Currently, CFSAN is not accepting regulatory submissions having to do with labeling in electronic format. At present, there is no existing database of labels that previously were approved. This is because CFSAN does not require premarket approval of labeling in the context of foods or nutritional supplements.
These groups represent a collection of initiatives with a single goal: to improve communication through improvements in the interoperability of health and health care systems. These groups have recognized current limitations in the application of technology to communication and have recommended the development of standardized terminology for health communication and health care transactions.
The NCVHS serves as the public advisory body for the Secretary of Health and Human Services on national health information policy. The Committee envisions a National Health Information Infrastructure (NHII) comprised of the set of technologies, standards, applications, systems, values and laws that support all facets of individual health, health care, and public health. The goal of the NHII is to deliver information to individual, consumers, patients and professionals, where and when they need it so they can use this information to make informed decisions about health and health care. The NHII is not a centralized database storing information about individuals. Instead, the NHII offers a way to exchange health data in a secure environment to promote better access to healthcare information and better delivery of healthcare services. One area of healthcare that would realize substantial benefit from this information is in the reduction of preventable medical errors. These errors account for 98,000 deaths each year and are the fifth leading cause of death18. The Committee noted that better risk management of prescription drugs, especially at the patient-provider-patient-pharmacist levels, could be achieved with improved interoperability of systems and enhanced communications. To achieve its goals, the Committee recognized the need for standard vocabularies, system interoperability and security.
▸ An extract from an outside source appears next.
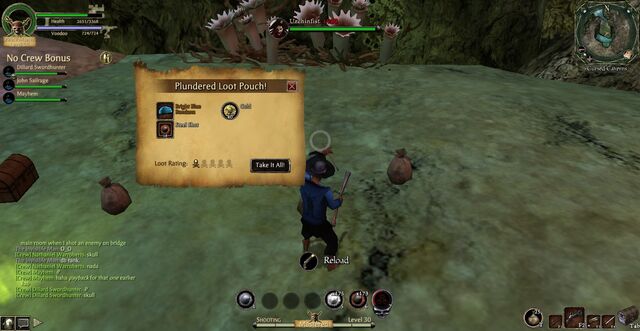 File:Screenshot 2012-05-29 18-41-01.jpg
Congress, recognizing the need for electronic data interchange among partners in health services, enacted the Health Insurance Portability and Accountability Act (HIPAA) in 1996. The Act provided for the administrative simplification of transfers of health information through the establishment of standards and requirements for electronic transmission. Standards are established by accreditedviii Standards Setting Organizations (SSOs) and adopted where appropriate by the Secretary of Health and Human Services (HHS). HHS has adopted standards for medical data, diagnoses and medical procedures20. HIPAA medical data code sets that have been adopted to date include: (1) the International Classification of diseases, 9th Edition, Clinical Modification (ICD-9-CM), Volumes 1 and 2; (2) the International Classification of diseases, 9th Edition, Clinical Modification (ICD-9-CM), Volume 3, Procedures; and (3) The National Drug Code; (4) The Code on Dental Procedures and Nomenclature; (5) The combination of Health Care Financing Administration Common Procedure Coding System (HCPCS) and Current Procedural Terminology, 4th Edition (CPT-4)21. The utilization of these standards is anticipated to improve the efficiency and effectiveness of healthcare services and result in substantial reductions in healthcare costs for government and business.
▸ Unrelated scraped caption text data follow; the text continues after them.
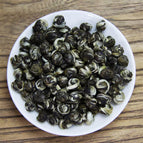 Jasmine Fragrance Pearl King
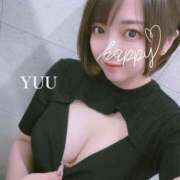 ヒメ日記 2026/08/11 10:57 投稿 結羽 よくばりトロリッ痴-フェチなM性感ヘルス-神戸店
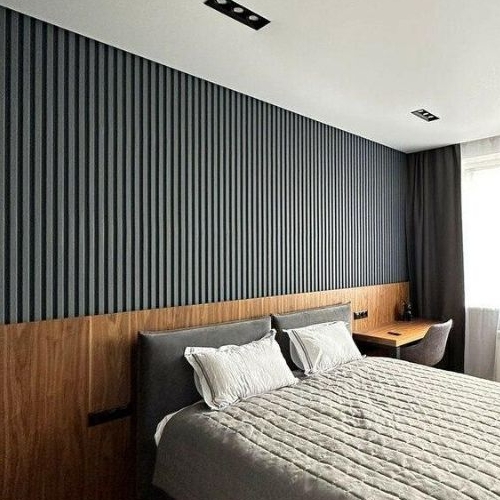 5-комн квартира Береговой проезд, 1А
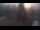Webcam in Cauterets, 9.2 km entfernt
Expanding E-government is an integral part of the President's Management Agenda for making government more focused on citizens' needs and results. In 2001, an OMB E-Government Task Force found that the federal government could significantly improve customer service over the next 18 to 24 months and reduce costs by focusing on 23 government initiatives that integrate FDA operations and information technology (IT). The Task Force identified several problems. First to implement electronic capabilities, agencies usually automate existing processes, rather than creating more efficient and effective systems. In the transition, agencies typically invested in traditional, paper-based and electronic approaches resulting in system redundancies that add unnecessary burdens and costs to citizens, government and business. Additionally, due to budget processes and agency cultures, there is resistance to the development of interoperable systems that integrate work and the sharing of information systems within or between agencies. The Task Force Strategy for improving E-Government focused on four areas: (1) Individuals/Citizens: Government-to-Citizens to improve the quality and efficiency of service delivery; (2) Businesses: Government-to-Business to reduce redundant data collection; (3) Intergovernmental: Government-to-Government to enable sharing of data and integrate government operations in risk management; and (4) Intra-governmental: Internal Efficiency and Effectiveness that bring commercial best practices to government operations. The Task Force addressed Implementation of E-government practices and identified barriers to successful change. One of the initiatives targeted for initiation is the establishment of standards for vocabulary used in healthcare. The FDA is a partner in this initiative and intends to apply these standards to clinical study data and labeling. This initiative is anticipated to reduce government and private sector administrative costs and improve healthcare for the U.S. population.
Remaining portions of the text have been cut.